**WORK TO COMPLETE:** Below are entries. Give back exactly the lines from the one containing "Land for sale in Traverse City, Michigan" through the one containing "Dog sits next to puppy in a hole.", inclusive, without the pictures.

**PROVIDED MATERIAL:**
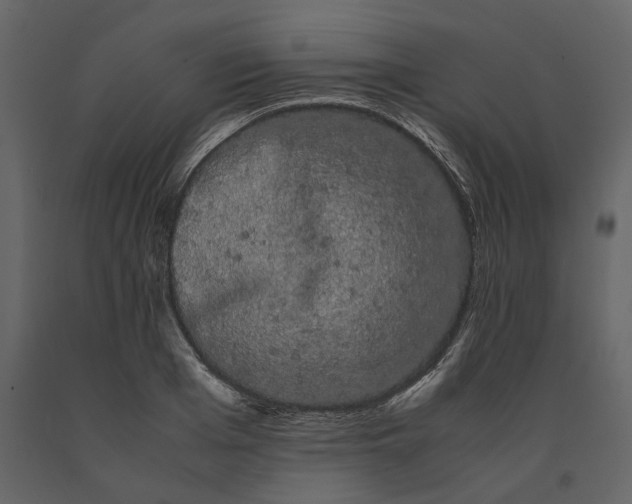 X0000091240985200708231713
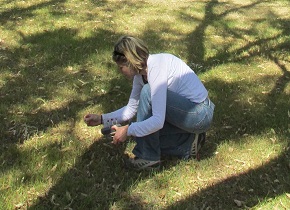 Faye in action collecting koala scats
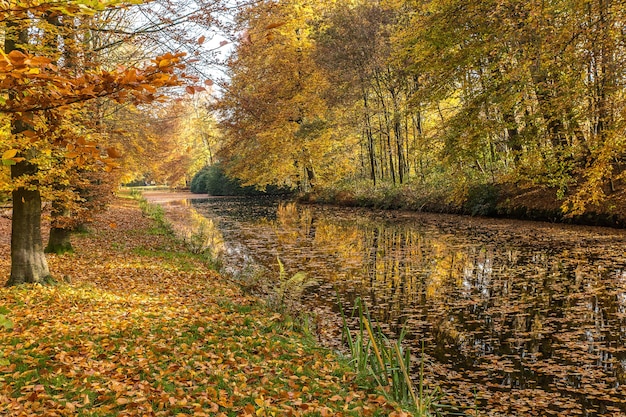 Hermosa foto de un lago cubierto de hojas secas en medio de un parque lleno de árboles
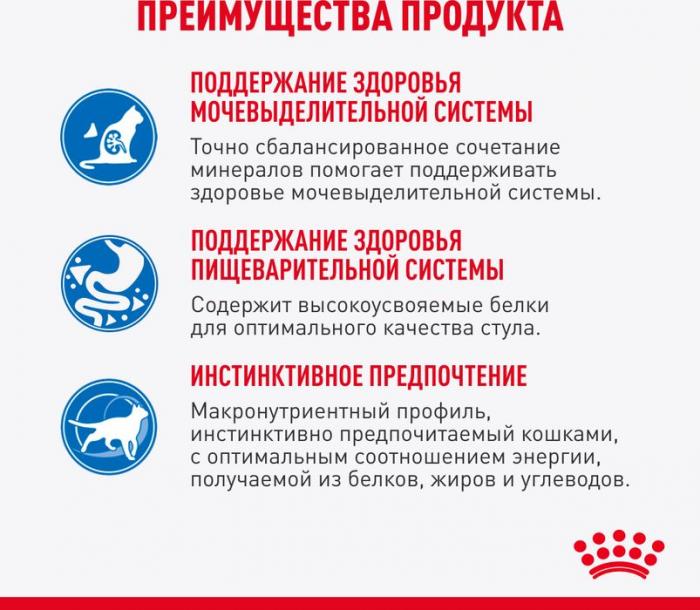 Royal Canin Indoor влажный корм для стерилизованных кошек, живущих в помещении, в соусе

==

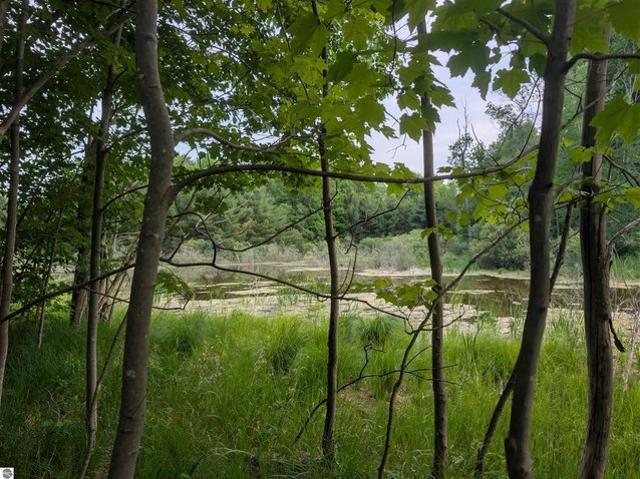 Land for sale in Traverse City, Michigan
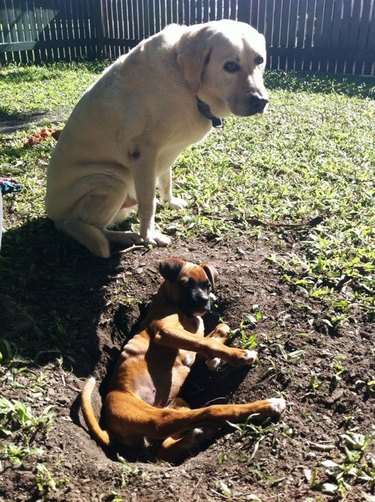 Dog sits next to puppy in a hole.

**FINISHED TASK:**
 Land for sale in Traverse City, Michigan
 Dog sits next to puppy in a hole.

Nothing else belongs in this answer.